On Monday, NBC News reporter Ben Collins noted on Twitter: "By my count there have been at least 20 New York Post stories about a single sponsored Instagram post by Bud Light with trans influencer Dylan Mulvaney" that was "less than a minute long." The Murdoch Post has kept pace in the days since with (we'll be omitting links here; Google if you must) articles announcing that "Bud Light boycott over trans activist Dylan Mulvaney pact ‘has legs’ as sales outlook thrown into doubt," and, "Bud Light distributors ‘spooked’ by backlash to Dylan Mulvaney partnership," reports intended to drive a narrative of an international megacorporation driven to the brink of collapse after they insulted a great swath of cheap-beer-swilling hard-right bigots by suggesting, even in a single video, that their designated cultural enemies are allowed to like the same beers they do.
The Post is also leaning on Murdoch's other empire of spite, Fox News, for much of the legwork. From Fox News’ coverage you'd think Anheuser-Busch executives were fleeing angry mobs as we speak.
This is another good reminder, then, that just as what you see on Twitter does not represent reality, what you see on the news doesn't necessarily represent reality either. There are stories that are in the news because they are unambiguously news.
And then there are other stories that exist solely because someone who owns or operates a gargantuan media outlet wants to make it news, and is willing to devote a significant portion of their company's attention to making it happen.

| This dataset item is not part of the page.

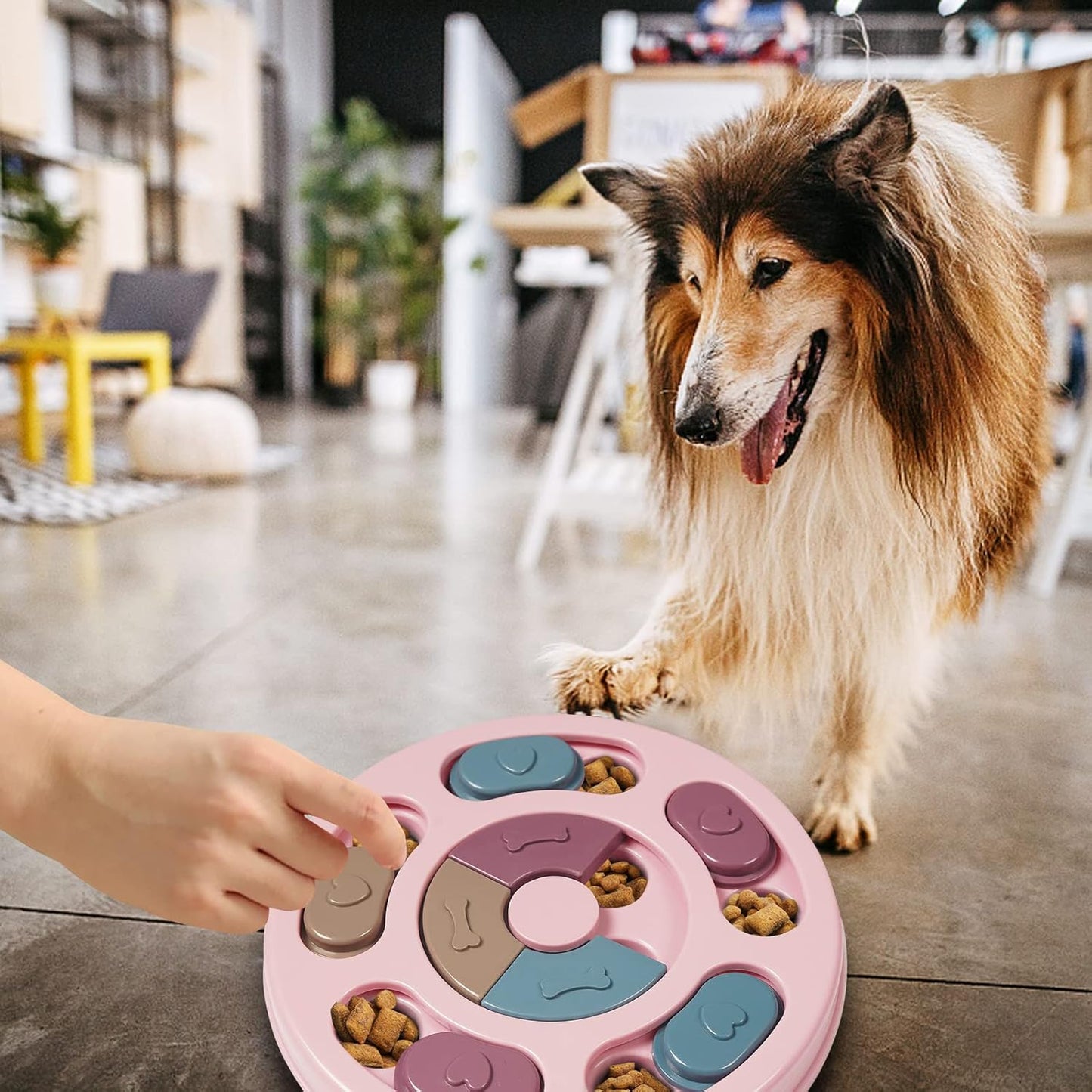 Dog Puzzle Game - Interactive Dog Twister Toy for Intelligence Training - Pink V1258-DP02-BOL-580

"Beer company sponsors influencer" is not news. "Beer company sponsors influencer that the fascist far-right doesn't like" still doesn't make the cut. There aren't two dozen New York Post stories every time a beer company sponsors a local rodeo, because the Post wouldn't be able to buy enough ink to print them all up. There are damn few "straight news" articles that have ever challenged one-day beer company rodeo sponsorships anywhere by collecting feverish quotes by animal rights activists who vow to never ever barf up the company's cheapest products again now that the corporation has committed this vile deed. It is not a thing.
When Fox News, Fox Business, and The New York Post are all filling their news buckets with as many breathless updates on a Kid Rock-premised cultural mini-snit as they can squeeze out, that's a story that's being pushed. That's an agenda. One also imagines it's deeply embarrassing for all the reporters who have been roped into the new, all-consuming beat, but that would be no more than speculation on our part. For all we know there are Murdoch-employed reporters who have waited their entire lives waiting to be summoned for a "Kid Rock does a thing" story, and they'll be framing the resulting stories and hanging them up on their living room walls.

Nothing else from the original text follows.